■ To do: The answer is the exact run of lines in the listing below from the line containing "A Makeshift Peace" up to and including the line containing "Cruise passengers view", with pictures removed.

■ Dataset content:
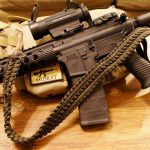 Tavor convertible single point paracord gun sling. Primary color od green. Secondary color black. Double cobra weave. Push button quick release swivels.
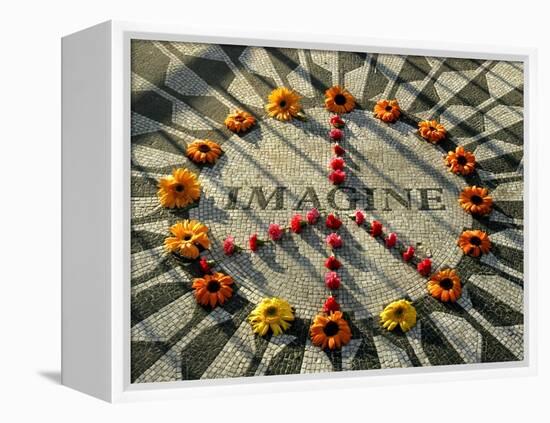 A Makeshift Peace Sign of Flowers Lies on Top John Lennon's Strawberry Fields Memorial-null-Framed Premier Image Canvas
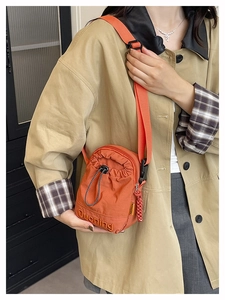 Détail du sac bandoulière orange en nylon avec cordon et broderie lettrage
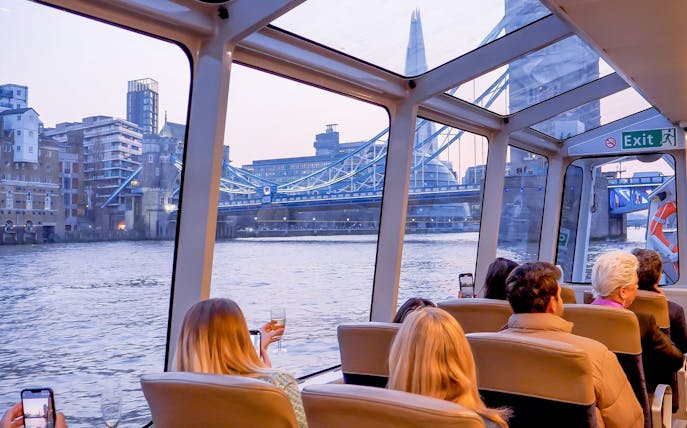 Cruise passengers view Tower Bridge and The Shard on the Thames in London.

...

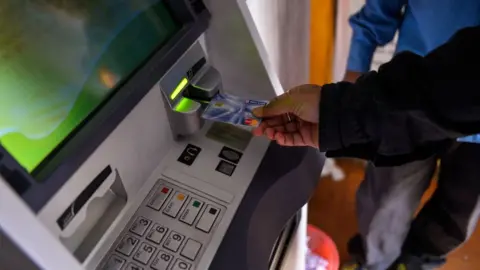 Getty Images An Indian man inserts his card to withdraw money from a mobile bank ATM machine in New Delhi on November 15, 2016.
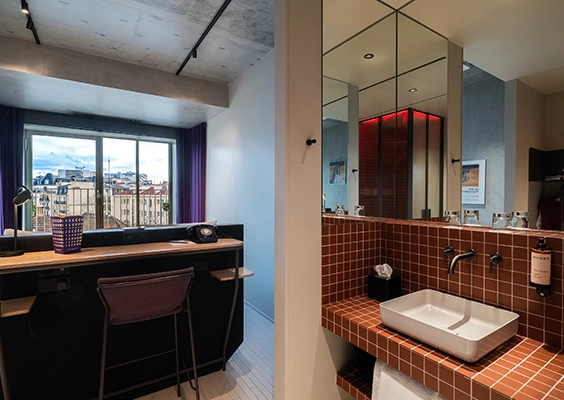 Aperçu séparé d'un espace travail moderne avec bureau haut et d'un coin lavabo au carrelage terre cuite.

--

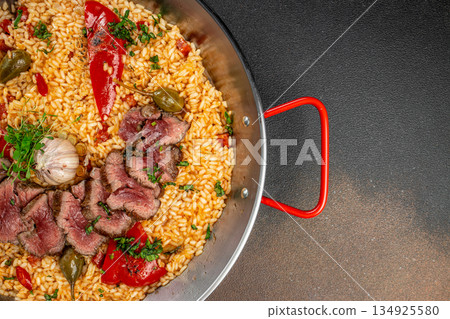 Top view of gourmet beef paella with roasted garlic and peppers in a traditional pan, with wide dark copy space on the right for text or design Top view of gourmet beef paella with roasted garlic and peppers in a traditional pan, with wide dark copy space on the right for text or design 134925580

■ Response below:
 A Makeshift Peace Sign of Flowers Lies on Top John Lennon's Strawberry Fields Memorial-null-Framed Premier Image Canvas
 Détail du sac bandoulière orange en nylon avec cordon et broderie lettrage
 Cruise passengers view Tower Bridge and The Shard on the Thames in London.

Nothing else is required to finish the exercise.